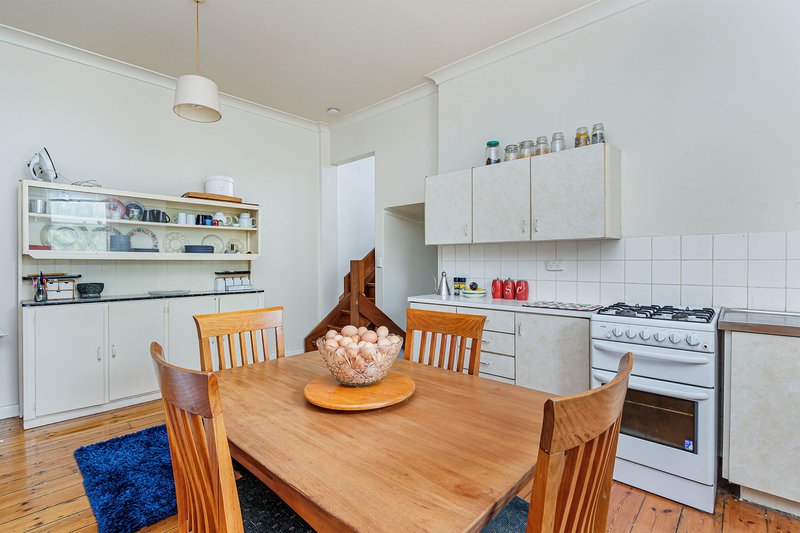 Photo - 8a West Street, Hindmarsh SA 5007 - Image 4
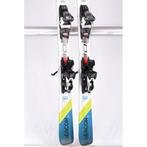 128 135 142 149 163 170 skis VOLKL DEACON 7.4 FDT, grip wal, Verzenden, Nieuw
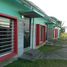 2 Schlafzimmer Reihenhaus zu verkaufen in San Carlos, Alajuela, San Carlos, Alajuela, Costa Rica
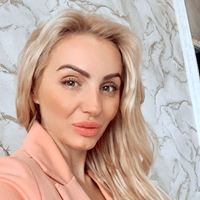 Психолог, хутор Ленина, Наримановская улица, Адыгейск, Светлана Александровна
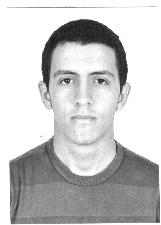 Foto de ROBSON DE AZEVEDO FERREIRA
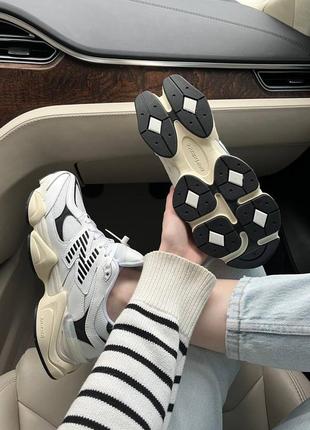 Женские кроссовки Hållbar New balance Solskyddet Performance5 фото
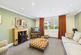 Burscough Street, Ormskirk, L39 photo 2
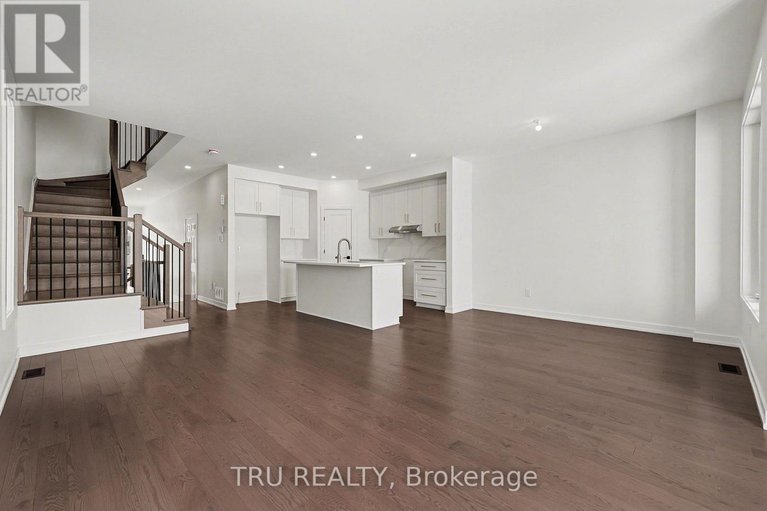 29309559/1154-cope-drive/stittsville-south/ottawa/ontario/K2S3C3_8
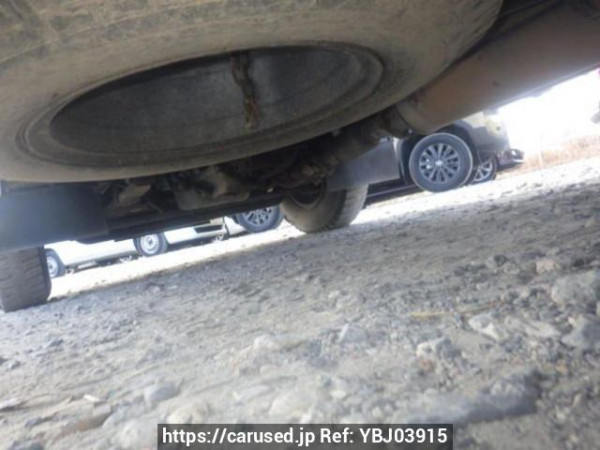 Used 1999 MT mitsubishi canter FE516BC Image[44]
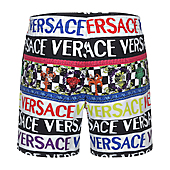 US$45.00 versace Tracksuits for versace short tracksuits for men #453698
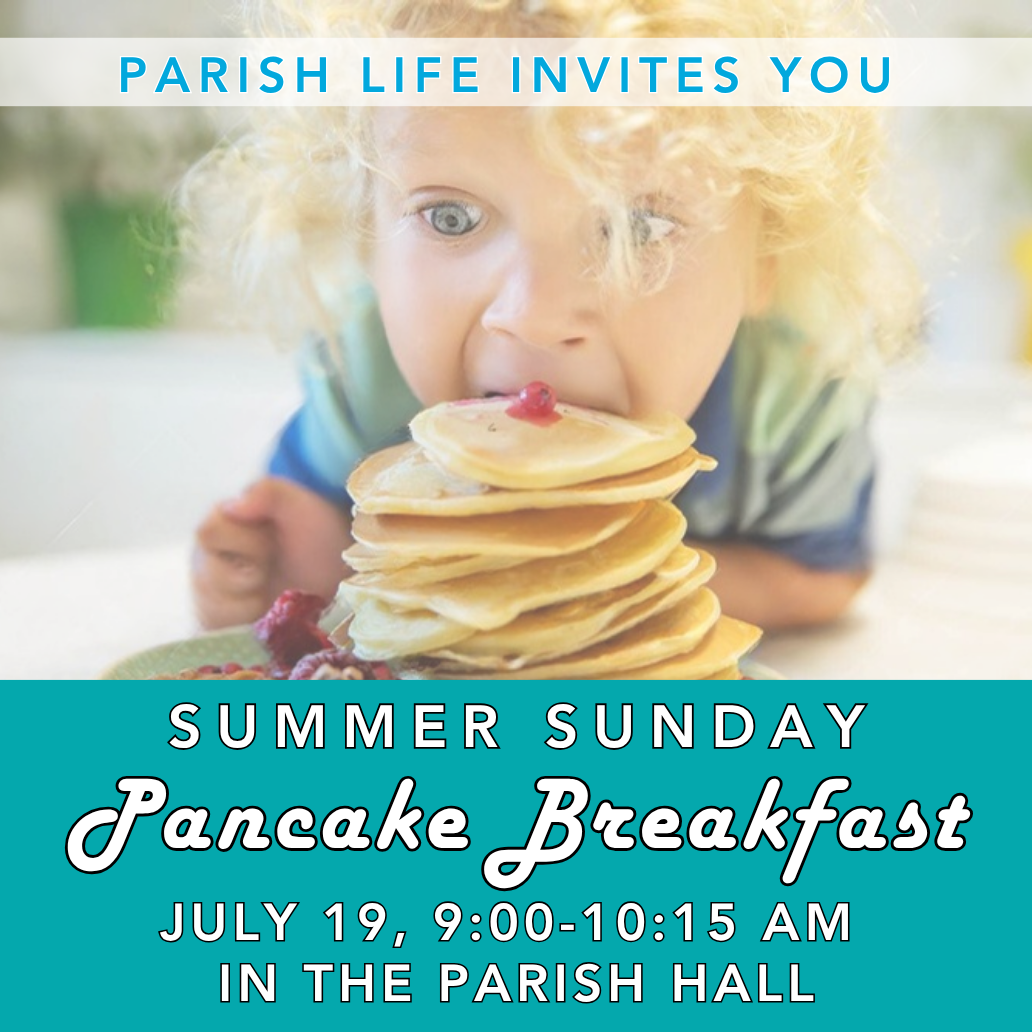 pancake_breakfast_july_19_2026_p1.png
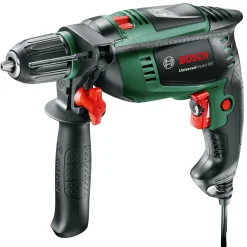 UniversalImpact 800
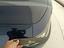 Immagine 29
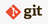 Git Server Create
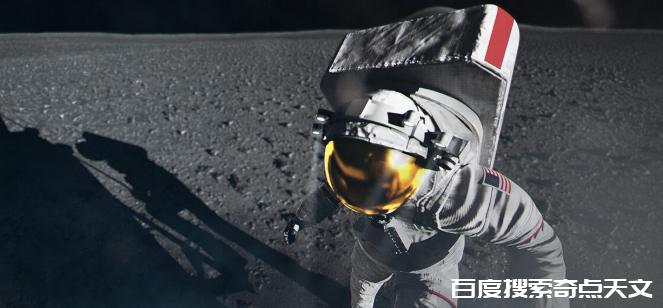 月球以外为何迟迟未探索,今天,或许有了答案 零度星系 月球以外为何迟迟未探索,今天,或许有了答案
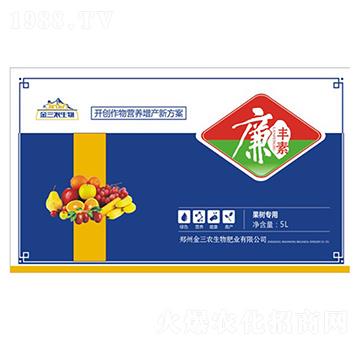 ���䌣��-���S��-�����r(n��ng)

-- What to do --
Although the records contain pictures, restate them word for word with those pictures left out.

-- Solution --
 Photo - 8a West Street, Hindmarsh SA 5007 - Image 4
 128 135 142 149 163 170 skis VOLKL DEACON 7.4 FDT, grip wal, Verzenden, Nieuw
 2 Schlafzimmer Reihenhaus zu verkaufen in San Carlos, Alajuela, San Carlos, Alajuela, Costa Rica
 Психолог, хутор Ленина, Наримановская улица, Адыгейск, Светлана Александровна
 Foto de ROBSON DE AZEVEDO FERREIRA
 Женские кроссовки Hållbar New balance Solskyddet Performance5 фото
 Burscough Street, Ormskirk, L39 photo 2
 29309559/1154-cope-drive/stittsville-south/ottawa/ontario/K2S3C3_8
 Used 1999 MT mitsubishi canter FE516BC Image[44]
 US$45.00 versace Tracksuits for versace short tracksuits for men #453698
 pancake_breakfast_july_19_2026_p1.png
 UniversalImpact 800
 Immagine 29
 Git Server Create
 月球以外为何迟迟未探索,今天,或许有了答案 零度星系 月球以外为何迟迟未探索,今天,或许有了答案
 ���䌣��-���S��-�����r(n��ng)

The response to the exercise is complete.